*To do:* Below are entries. Copy exactly the lines running from the line that holds "U7 Orecchini a" to the line that holds "For Moto rola", with both ends included.

□ □ □

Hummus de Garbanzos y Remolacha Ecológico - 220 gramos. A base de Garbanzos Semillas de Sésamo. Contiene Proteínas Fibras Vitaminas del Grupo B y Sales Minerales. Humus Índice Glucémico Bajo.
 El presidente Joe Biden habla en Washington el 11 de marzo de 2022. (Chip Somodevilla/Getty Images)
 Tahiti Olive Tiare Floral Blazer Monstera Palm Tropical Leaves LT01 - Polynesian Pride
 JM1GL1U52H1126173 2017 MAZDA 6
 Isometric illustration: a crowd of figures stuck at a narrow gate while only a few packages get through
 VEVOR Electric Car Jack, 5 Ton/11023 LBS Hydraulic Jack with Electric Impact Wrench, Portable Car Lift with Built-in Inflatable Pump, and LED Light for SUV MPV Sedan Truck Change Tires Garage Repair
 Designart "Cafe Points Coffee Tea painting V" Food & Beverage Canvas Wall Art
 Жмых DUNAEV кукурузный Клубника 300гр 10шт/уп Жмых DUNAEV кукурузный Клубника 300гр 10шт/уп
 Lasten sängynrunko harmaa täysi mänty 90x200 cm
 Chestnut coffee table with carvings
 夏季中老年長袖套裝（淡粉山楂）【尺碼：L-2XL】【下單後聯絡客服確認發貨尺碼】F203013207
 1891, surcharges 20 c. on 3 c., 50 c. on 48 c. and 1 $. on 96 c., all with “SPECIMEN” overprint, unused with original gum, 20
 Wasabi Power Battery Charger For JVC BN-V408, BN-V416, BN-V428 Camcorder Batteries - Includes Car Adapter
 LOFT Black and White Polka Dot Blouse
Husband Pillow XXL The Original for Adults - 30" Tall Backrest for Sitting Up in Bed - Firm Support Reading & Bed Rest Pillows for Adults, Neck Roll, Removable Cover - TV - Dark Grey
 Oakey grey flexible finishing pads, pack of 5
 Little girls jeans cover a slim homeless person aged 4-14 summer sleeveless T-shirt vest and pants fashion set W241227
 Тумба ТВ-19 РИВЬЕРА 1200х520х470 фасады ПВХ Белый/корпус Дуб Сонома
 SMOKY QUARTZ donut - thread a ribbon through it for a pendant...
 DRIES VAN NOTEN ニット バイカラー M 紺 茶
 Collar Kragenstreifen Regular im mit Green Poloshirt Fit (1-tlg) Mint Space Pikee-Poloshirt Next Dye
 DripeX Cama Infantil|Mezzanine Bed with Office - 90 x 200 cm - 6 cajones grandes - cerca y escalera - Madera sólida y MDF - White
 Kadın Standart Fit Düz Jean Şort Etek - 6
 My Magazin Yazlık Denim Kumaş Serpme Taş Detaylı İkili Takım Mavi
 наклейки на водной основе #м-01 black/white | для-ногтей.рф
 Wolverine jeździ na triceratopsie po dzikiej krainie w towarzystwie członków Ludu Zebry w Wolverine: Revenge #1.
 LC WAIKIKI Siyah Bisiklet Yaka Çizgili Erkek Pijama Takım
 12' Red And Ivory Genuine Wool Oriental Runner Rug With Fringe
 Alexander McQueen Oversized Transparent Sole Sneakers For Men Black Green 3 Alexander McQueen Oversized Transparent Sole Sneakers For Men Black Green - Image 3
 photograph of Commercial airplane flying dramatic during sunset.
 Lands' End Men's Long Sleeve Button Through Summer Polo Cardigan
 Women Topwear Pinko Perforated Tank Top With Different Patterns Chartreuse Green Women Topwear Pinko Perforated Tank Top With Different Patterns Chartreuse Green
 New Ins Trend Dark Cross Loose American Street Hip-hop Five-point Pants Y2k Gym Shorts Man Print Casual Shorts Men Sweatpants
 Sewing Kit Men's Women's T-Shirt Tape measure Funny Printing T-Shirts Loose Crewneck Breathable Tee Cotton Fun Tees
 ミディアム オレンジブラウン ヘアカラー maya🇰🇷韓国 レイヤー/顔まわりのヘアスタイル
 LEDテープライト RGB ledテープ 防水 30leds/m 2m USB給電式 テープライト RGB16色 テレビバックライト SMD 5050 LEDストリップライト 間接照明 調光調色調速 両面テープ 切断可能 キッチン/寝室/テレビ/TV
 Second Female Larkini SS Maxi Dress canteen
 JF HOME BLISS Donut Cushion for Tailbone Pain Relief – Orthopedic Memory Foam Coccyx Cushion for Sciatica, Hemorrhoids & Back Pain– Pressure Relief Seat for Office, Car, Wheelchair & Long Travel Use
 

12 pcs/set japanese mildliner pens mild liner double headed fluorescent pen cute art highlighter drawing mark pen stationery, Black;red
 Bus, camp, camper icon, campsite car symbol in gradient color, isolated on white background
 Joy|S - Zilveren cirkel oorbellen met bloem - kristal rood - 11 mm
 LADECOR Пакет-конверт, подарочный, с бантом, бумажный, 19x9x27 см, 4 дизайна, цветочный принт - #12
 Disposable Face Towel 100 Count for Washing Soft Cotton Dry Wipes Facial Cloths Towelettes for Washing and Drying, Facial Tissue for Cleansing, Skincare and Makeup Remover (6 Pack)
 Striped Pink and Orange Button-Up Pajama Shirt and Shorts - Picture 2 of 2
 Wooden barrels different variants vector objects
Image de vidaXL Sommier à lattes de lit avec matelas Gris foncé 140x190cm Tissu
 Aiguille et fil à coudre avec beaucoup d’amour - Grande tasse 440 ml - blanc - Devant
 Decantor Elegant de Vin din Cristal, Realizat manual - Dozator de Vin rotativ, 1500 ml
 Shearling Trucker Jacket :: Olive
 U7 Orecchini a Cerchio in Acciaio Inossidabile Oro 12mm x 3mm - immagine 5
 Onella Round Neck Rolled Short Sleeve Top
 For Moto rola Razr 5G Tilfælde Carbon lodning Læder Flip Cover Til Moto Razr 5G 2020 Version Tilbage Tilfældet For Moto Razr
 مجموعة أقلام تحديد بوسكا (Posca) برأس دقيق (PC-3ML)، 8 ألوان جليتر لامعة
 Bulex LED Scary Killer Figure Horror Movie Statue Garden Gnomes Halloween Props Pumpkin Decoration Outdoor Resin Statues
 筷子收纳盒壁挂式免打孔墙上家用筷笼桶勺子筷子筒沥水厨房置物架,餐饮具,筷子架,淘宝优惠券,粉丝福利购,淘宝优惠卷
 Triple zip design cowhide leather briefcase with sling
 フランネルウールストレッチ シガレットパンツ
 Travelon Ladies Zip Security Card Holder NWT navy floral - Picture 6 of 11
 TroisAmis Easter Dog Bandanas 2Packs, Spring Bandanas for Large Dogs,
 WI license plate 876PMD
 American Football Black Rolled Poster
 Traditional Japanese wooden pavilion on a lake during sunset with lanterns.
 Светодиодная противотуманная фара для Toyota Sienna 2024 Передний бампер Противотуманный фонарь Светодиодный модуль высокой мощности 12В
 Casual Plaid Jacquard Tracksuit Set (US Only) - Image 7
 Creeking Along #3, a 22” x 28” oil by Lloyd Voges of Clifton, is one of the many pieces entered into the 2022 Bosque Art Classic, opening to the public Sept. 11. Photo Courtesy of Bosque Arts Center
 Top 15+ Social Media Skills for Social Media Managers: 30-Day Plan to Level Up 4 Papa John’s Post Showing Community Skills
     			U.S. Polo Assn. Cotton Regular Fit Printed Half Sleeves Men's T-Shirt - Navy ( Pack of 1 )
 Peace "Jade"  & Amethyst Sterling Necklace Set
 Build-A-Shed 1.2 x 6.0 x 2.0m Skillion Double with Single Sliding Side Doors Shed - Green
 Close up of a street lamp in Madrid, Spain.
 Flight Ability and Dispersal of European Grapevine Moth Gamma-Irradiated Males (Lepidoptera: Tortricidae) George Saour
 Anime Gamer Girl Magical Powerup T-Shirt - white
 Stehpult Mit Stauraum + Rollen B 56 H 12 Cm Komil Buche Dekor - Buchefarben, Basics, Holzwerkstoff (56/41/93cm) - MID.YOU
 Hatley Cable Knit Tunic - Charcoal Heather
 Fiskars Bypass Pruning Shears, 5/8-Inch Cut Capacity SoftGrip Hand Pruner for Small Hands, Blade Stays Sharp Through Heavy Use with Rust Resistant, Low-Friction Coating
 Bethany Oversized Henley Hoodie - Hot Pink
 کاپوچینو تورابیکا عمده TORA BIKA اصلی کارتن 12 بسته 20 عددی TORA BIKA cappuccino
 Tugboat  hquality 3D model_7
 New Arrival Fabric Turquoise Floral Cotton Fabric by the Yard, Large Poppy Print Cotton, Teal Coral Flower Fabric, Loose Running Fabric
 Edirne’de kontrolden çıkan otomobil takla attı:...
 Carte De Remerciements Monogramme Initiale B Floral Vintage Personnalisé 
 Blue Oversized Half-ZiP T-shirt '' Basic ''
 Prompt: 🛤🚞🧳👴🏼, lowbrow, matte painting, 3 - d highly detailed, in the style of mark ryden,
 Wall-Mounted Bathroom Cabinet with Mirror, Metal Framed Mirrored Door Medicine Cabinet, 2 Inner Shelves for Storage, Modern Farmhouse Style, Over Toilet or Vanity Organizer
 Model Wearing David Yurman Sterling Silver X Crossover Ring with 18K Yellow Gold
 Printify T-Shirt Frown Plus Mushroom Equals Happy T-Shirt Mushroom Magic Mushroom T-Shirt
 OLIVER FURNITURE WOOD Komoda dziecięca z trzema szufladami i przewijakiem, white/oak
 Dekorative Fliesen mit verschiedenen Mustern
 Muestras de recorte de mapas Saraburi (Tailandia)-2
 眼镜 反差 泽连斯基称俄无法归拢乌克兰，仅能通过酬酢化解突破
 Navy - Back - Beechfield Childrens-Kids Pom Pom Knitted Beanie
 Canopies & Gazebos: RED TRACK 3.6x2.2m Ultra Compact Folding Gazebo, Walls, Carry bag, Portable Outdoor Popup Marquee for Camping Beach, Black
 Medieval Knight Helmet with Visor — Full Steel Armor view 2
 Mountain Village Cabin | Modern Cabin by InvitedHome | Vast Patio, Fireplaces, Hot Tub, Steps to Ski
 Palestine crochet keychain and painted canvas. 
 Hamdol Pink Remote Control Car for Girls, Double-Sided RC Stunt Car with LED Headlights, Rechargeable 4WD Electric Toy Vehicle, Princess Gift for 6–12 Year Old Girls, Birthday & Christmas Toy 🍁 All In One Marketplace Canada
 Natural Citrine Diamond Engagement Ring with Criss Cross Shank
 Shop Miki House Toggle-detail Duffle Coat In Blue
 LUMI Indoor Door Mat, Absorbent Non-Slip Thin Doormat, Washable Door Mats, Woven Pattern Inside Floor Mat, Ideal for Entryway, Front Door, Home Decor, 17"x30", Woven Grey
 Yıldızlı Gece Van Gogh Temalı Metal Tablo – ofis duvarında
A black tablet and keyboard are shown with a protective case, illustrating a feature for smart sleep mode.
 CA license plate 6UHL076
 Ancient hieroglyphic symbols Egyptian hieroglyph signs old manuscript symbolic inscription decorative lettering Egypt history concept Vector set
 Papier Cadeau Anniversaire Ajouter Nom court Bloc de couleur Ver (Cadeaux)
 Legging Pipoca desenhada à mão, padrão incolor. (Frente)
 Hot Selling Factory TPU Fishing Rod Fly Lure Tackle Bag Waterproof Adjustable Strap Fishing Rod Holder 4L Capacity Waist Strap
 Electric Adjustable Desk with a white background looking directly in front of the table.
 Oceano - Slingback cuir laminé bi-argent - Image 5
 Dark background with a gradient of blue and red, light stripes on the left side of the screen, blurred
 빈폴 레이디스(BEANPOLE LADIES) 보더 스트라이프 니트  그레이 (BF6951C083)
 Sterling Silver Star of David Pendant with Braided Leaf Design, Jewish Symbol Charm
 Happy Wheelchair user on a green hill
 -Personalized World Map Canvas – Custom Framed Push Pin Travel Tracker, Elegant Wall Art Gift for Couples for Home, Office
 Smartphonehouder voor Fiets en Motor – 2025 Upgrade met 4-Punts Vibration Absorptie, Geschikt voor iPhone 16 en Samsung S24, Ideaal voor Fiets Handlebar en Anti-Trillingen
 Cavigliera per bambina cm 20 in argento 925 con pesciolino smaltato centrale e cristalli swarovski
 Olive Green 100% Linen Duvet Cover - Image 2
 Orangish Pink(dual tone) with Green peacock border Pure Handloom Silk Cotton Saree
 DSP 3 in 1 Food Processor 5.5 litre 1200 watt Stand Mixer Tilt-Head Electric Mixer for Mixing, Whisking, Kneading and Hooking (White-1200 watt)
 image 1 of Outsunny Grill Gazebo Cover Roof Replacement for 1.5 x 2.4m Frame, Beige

□ □ □

*Exercise answer:*
 U7 Orecchini a Cerchio in Acciaio Inossidabile Oro 12mm x 3mm - immagine 5
 Onella Round Neck Rolled Short Sleeve Top
 For Moto rola Razr 5G Tilfælde Carbon lodning Læder Flip Cover Til Moto Razr 5G 2020 Version Tilbage Tilfældet For Moto Razr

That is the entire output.